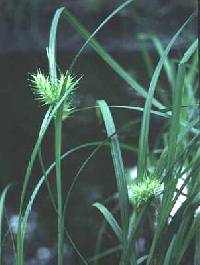 Image of Carex lupulina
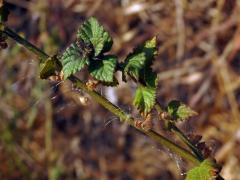 Šalvěj (Salvia occidentalis Sw.)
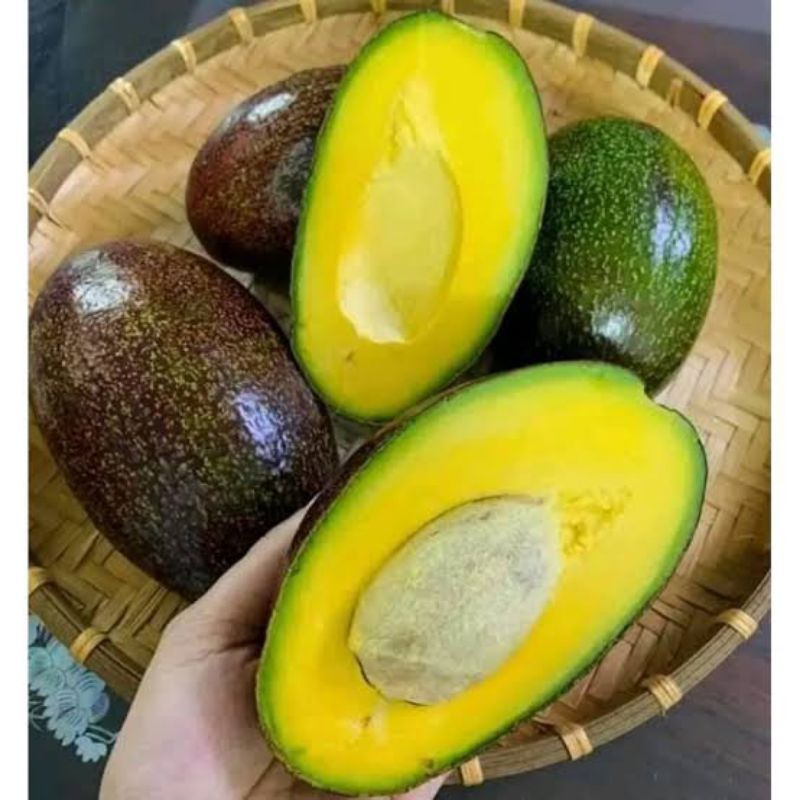 BIBIT ALPUKAT CUBA/ ALPUKAT MERAH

▶ REQUIRED WORK: Leave the images out and transcribe the remaining data above word for word.

▶ RESULT:
 Image of Carex lupulina
 Šalvěj (Salvia occidentalis Sw.)
 BIBIT ALPUKAT CUBA/ ALPUKAT MERAH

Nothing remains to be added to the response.